How do we optimize this model? Normally we might look at the area under the ROC curve as a metric to choose our final values. In this case the ROC curve is independent of the probability threshold so we have to use something else. A common technique to evaluate a candidate threshold is see how close it is to the perfect model where sensitivity and specificity are one. Our code will use the distance between the current model's performance and the best possible performance and then have train minimize this distance when choosing it's parameters. Here is the code that we use to calculate this:

fourStats <- function (data, lev = levels(data$obs), model = NULL) {
  ## This code will get use the area under the ROC curve and the
  ## sensitivity and specificity values using the current candidate
  ## value of the probability threshold.
  out <- c(twoClassSummary(data, lev = levels(data$obs), model = NULL))
 
  ## The best possible model has sensitivity of 1 and specifity of 1. 
  ## How far are we from that value?
  coords <- matrix(c(1, 1, out["Spec"], out["Sens"]), 
                   ncol = 2, 
                   byrow = TRUE)
  colnames(coords) <- c("Spec", "Sens")
  rownames(coords) <- c("Best", "Current")
  c(out, Dist = dist(coords)[1])
}

Now let's run our random forest model and see what it comes up with for the best possible threshold:

set.seed(949)
mod1 <- train(Class ~ ., data = training,
              ## 'modelInfo' is a list object found in the linked
              ## source code
              method = modelInfo,
              ## Minimize the distance to the perfect model
              metric = "Dist",
              maximize = FALSE,
              tuneLength = 20,
              trControl = trainControl(method = "cv",
                                       classProbs = TRUE,
                                       summaryFunction = fourStats))

The resulting model output notes that:

Tuning parameter 'mtry' was held constant at a value of 3
Dist was used to select the optimal model using  the smallest value.
The final values used for the model were mtry = 3 and threshold = 0.887.

Using ggplot(mod1) will show the performance profile. Instead here is a plot of the sensitivity, specificity, and distance to the perfect model:

curves.png

You can see that as we increase the probability cut off for the first class it takes more and more evidence for a sample to be predicted as the first class. As a result the sensitivity goes down when the threshold becomes very large. The upside is that we can increase specificity in the same way. The blue curve shows the distance to the perfect model. The value of 0.887 was found to be optimal.
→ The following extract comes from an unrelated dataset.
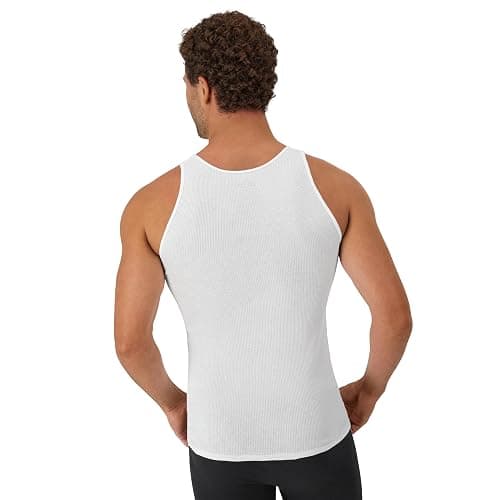 Hanes Top Undershirt Pack, 6-Pack, Moisture-Wicking Cotton Ribbed Tanks for Men thumbnail 3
Now we can use the test set ROC curve to validate the cut off we chose by resampling. Here the cut off closest to the perfect model is 0.881. We were able to find a good probability cut off value without setting aside another set of data for tuning the cut off.

One great thing about this code is that it will automatically apply the optimized probability threshold when predicting new samples. Here is an example:

  Class1 Class2  Class Note
1  0.874  0.126 Class2    *
2  1.000  0.000 Class1     
3  0.930  0.070 Class1     
4  0.794  0.206 Class2    *
5  0.836  0.164 Class2    *
6  0.988  0.012 Class1     

However we should be careful because the probability values are not consistent with our usual notion of a 50-50 cut off.